Eine so aufgestellte HDK-Europa könnte vor Ort, in den Kommunen, Ländern und auf der Bundes- wie EU-Ebene ein wichtiger, ernstzunehmender politischer und gesellschaftlicher Akteur werden. Die Erfahrungen in den Wahlkämpfen bei den türkischen Parlamentswahlen haben gezeigt: durch die gemeinsame Arbeit wurde die Dynamik und das Potential des HDP-Bündnisses auch für die europäische Öffentlichkeit sichtbar. Zudem war dies eine zusätzliche Motivation für die gesellschaftliche und politische Linke in Europa.

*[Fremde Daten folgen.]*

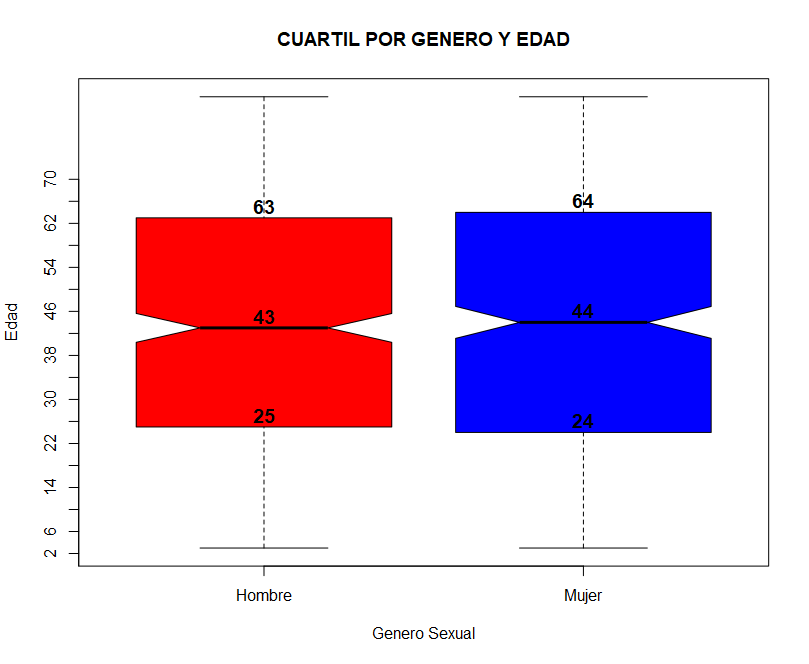 introducir la descripción de la imagen aquí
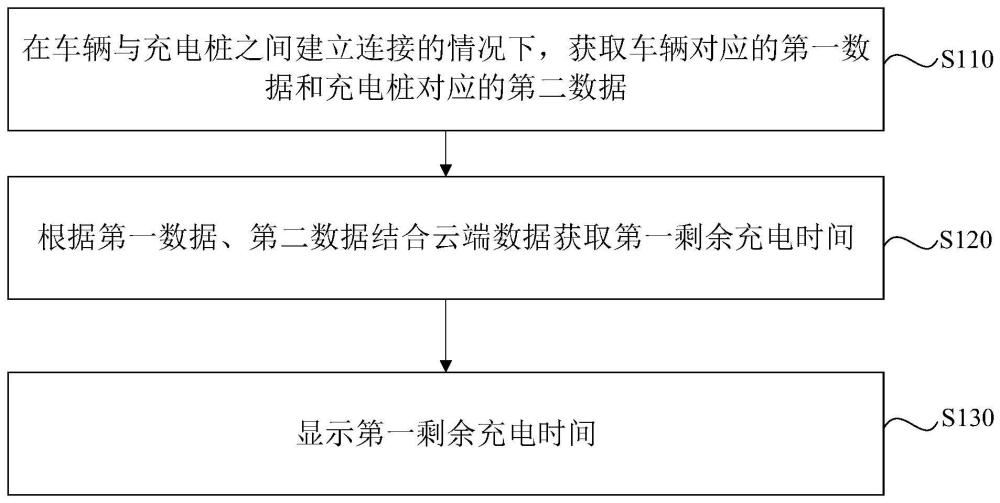 車輛的剩余充電時間預測方法、裝置、車輛和存儲介質與流程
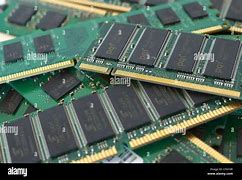 Image result for What Is Ram Computer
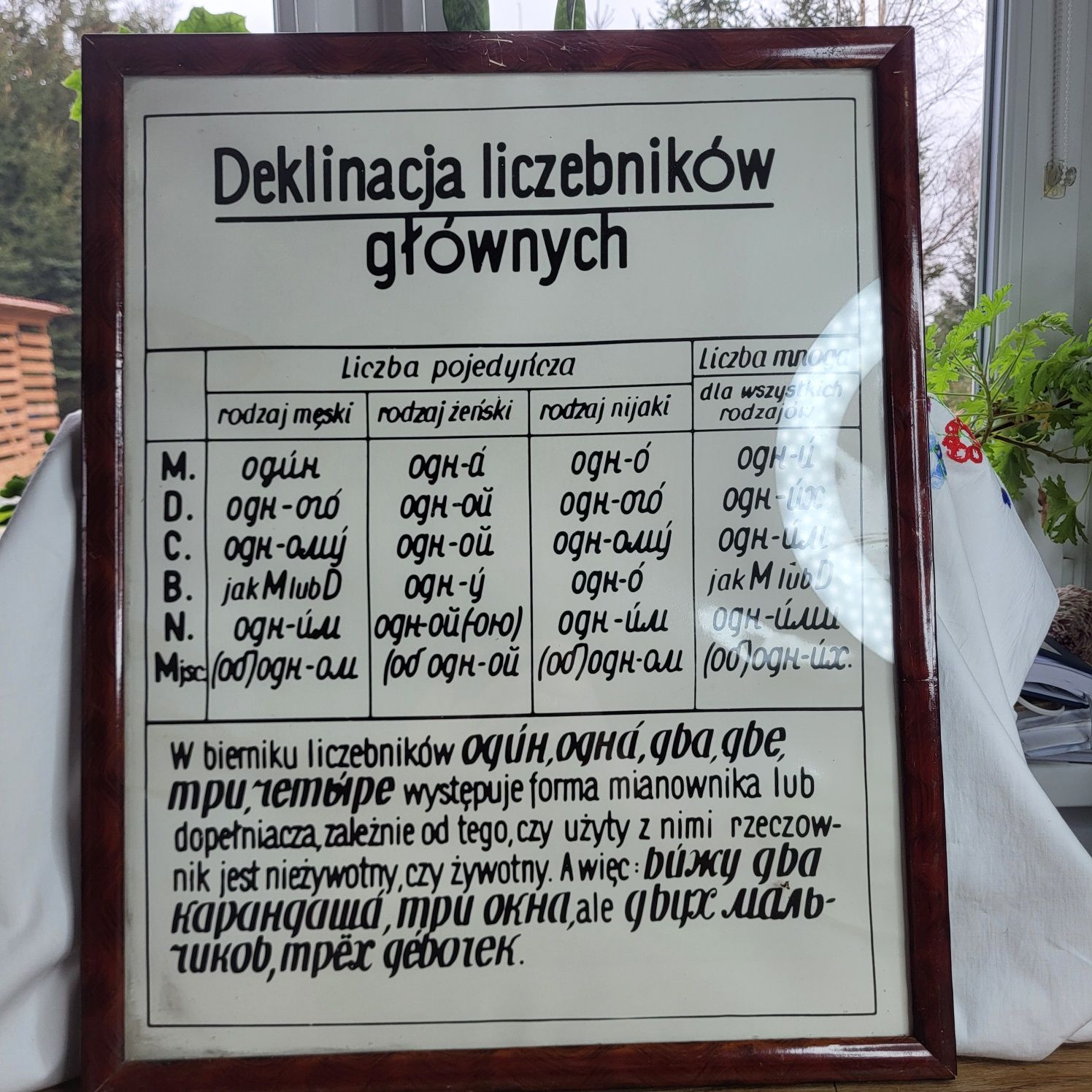 Stara tablica PRL szkolna Deklinacja Rosyjski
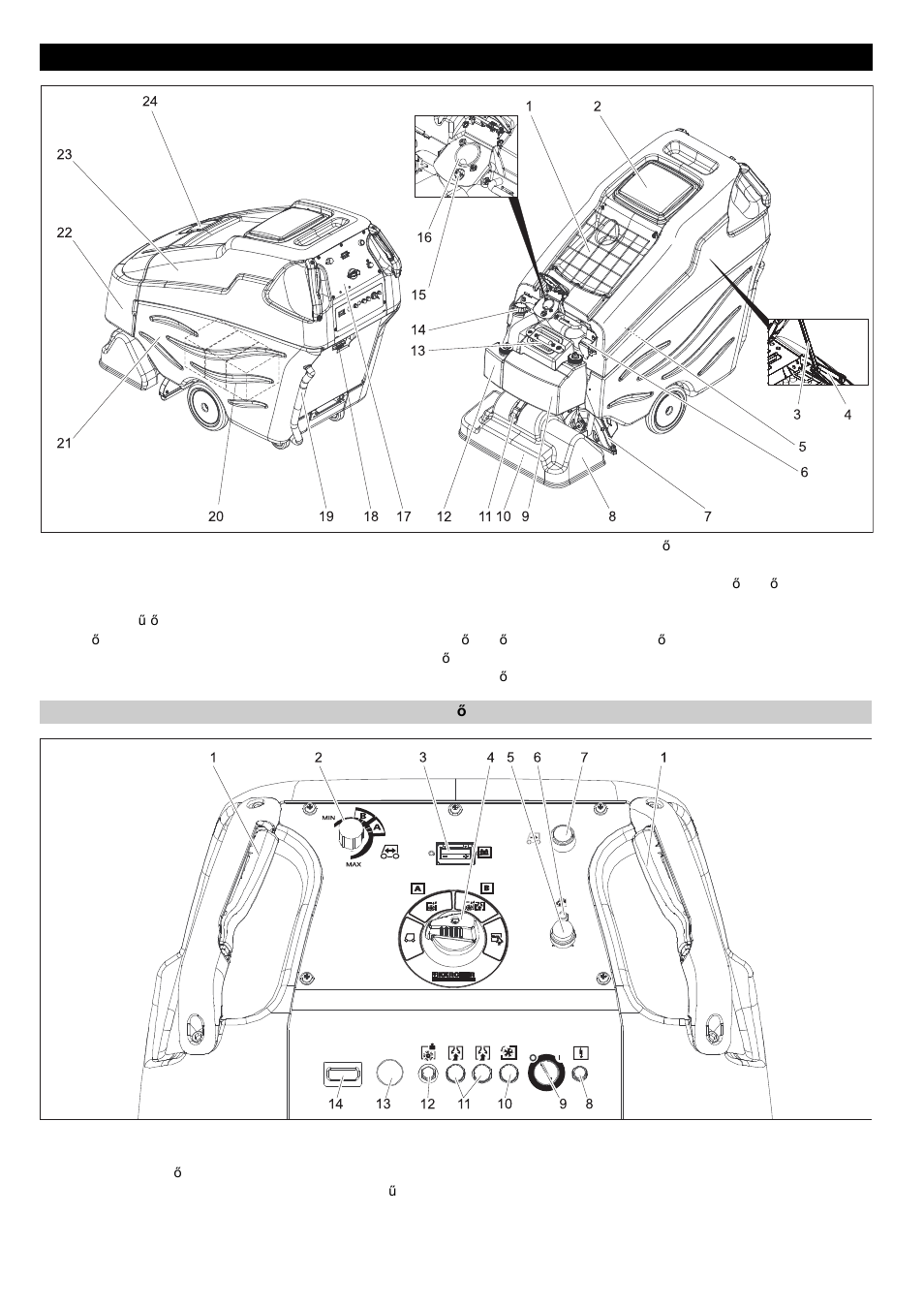 Kezelési- és funkciós elemek | Karcher BRC 50-70 W Bp User Manual | Page 111 / 209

Ob wir es wollen oder nicht: die Entwicklungen in der Türkei und in Kurdistan, die aktuelle Lage in Europa, die Rechtsentwicklung, der neoliberale Umbau und die Militarisierung der EU beeinflussen unser alltägliches Leben und machen deutlich, dass die Zeit für den Aufbau eines HDK-Europas längst gekommen ist. Auch wenn derzeit nicht alle Selbstorganisationen davon überzeugt sind, gilt es kontinuierlich und beharrlich daran zu arbeiten, die basisdemokratische Bündnisarbeit auf allen Ebenen voranzutreiben. Die Zeit ist reif. Das einzige, was uns verhindern könnte, ist nichts anderes als Organisationsegoismen und die Kurzsichtigkeit der Akteure.